Does Truth Depend on Us? Realism vs. Anti-Realism

If we can never check, is the claim “there is life on that planet” true or false?

Tarski’s neutral toolbox didn’t end the deep questions—it sharpened them. Many philosophers still felt that truth must be connected to whether there’s a mind-independent world. This is the clash between realism and anti-realism.

A realist about truth holds two things. First, the world exists objectively, independently of how we think about it. Second, our claims are about that world. This naturally fits with the correspondence picture: a statement is true because reality is a certain way. A strong mark of realism is bivalence—the principle that every statement is either true or false, whether we can know which or not. There is a fact of the matter about everything, from the number of hairs on Napoleon’s horse to whether there are purple trees on a planet we’ll never see.

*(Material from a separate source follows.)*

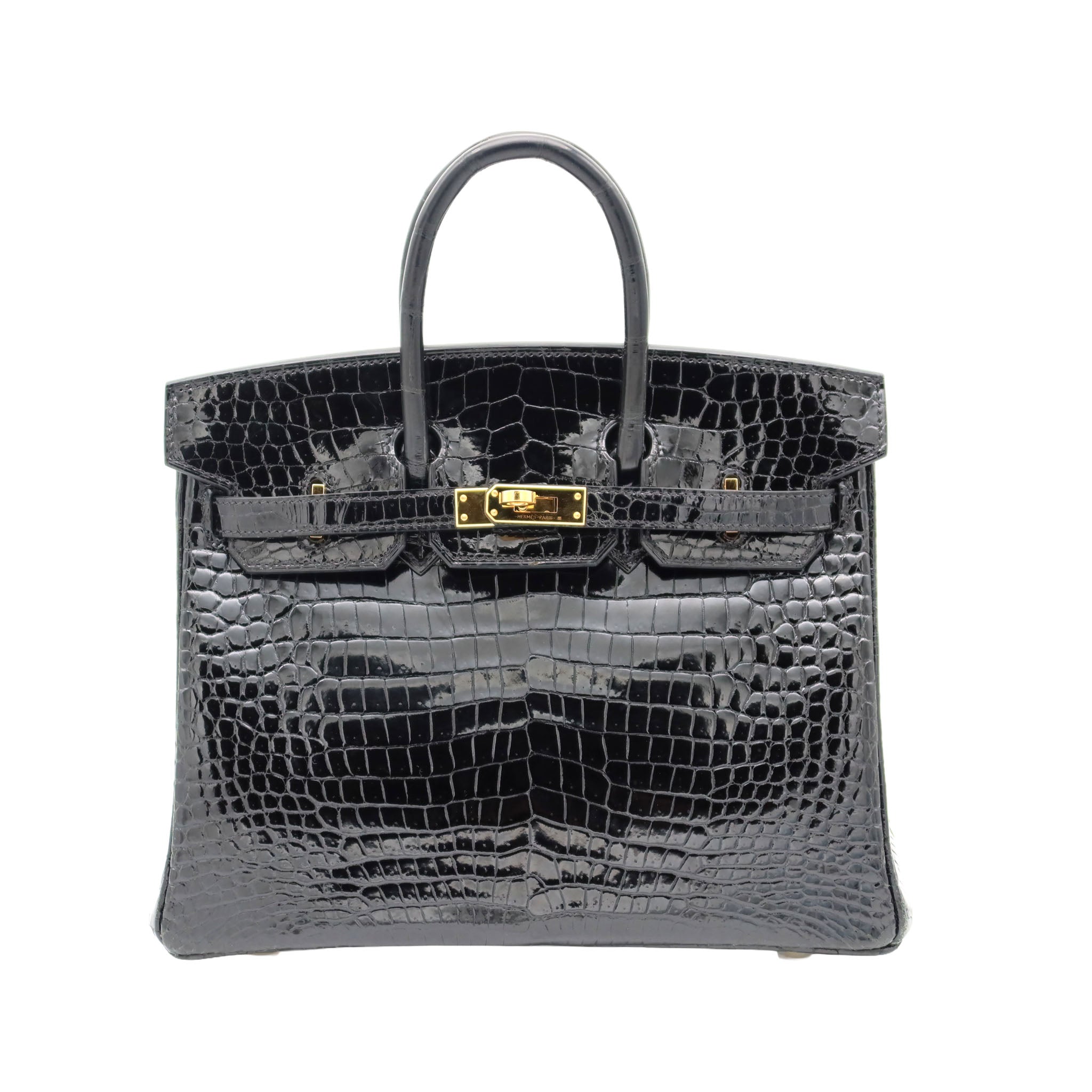 HERMES エルメス バーキン 25 ブラック ポロサスシャイン ゴールド金具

Anti-realists, led by Michael Dummett (1925–2011), reject bivalence. They argue that truth cannot transcend our ability to recognize it. One anti-realist view is verificationism: a claim is true only if it is in principle verifiable—only if there exists some procedure we could carry out to check it. If a statement about a faraway galaxy is utterly impossible for any human to verify, then, for an anti-realist, it has no definite truth value. It’s not true, and it’s not false. Truth becomes tied to our epistemic situation, to what we can know.

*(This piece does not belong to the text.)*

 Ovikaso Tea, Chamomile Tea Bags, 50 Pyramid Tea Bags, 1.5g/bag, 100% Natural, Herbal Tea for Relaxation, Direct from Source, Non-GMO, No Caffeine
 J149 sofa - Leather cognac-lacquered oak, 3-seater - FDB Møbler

Notice the difference: a realist says truth is “out there,” waiting; an anti-realist says truth is shaped by the limits of human inquiry. This isn’t just logic-chopping. It affects how we think about history, ethics, and science. If the past leaves no trace, are statements about it true or false? If there’s no way to check a moral claim, can it be true? The realist-anti-realist split turns truth into a bridge between us and the world—or a mirror of our own capacities.

Why This Still Matters: Saying Something That’s True

Every time we claim something is true, we step into a thousand-year-old argument.

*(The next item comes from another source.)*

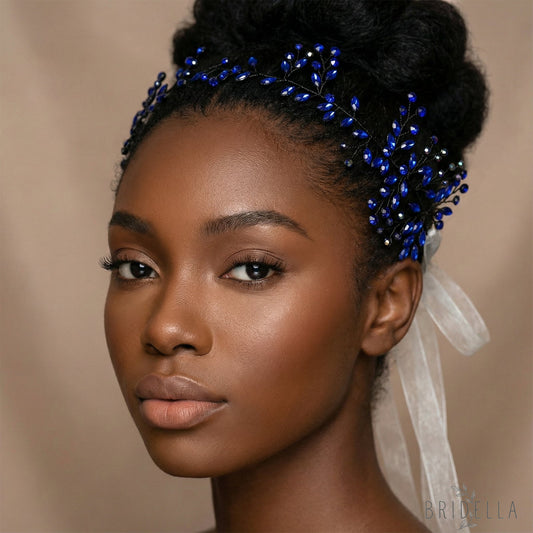 Blue Rhinestone Bridal Hair Vine – Bridella BHP21 - Blue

You might wonder: does any of this make a difference when you simply tell a friend “that’s true”? It does. Every time you assert something, you’re stepping into this debate.

There’s a famous platitude: truth is the aim of assertion. When you say “It’s raining,” you present your claim as true. Even if you’re lying, the point of the practice of assertion is to say something that matches reality. That’s why a lie feels wrong—it violates the rule that built the game.

Understanding truth also helps you see what you’re doing when you generalize. Without the word “true,” how would you say “Everything the scientist said is true”? You’d need to list every single claim she ever made—impossible! The truth predicate is a powerful shortcut, a device of disquotation: it lets you move from a quoted sentence back to the sentence itself. Some philosophers, called deflationists, think that’s all truth does. There’s no deep nature of truth, they say; it’s just a logical tool that helps us sum up.

But even deflationists have to explain why that tool matters so much to us. We care about truth not just as a convenient device, but because it connects our words to the world—or to each other. Whether you think truth is correspondence, coherence, something we construct through inquiry, or a neat disquotational trick, the question will follow you. It’s inside every “Is that so?” and every “Really?” The argument Moore and Russell started in a Cambridge room is still yours.

Think about it

  1. If a friend says “I’m telling the truth,” but you catch them in a lie, what makes their statement false—something about the world, or something about the inconsistency in their story?
  2. Imagine a planet so far away that no human will ever see it. A scientist says “There are purple trees on that planet.” Is that claim true or false right now? If we can never check, does the question even have an answer?
  3. Would anything change in your life if you stopped using the word “true” and just said what you saw, without adding “that’s true”? Could we get by without claiming truth, or would something be missing?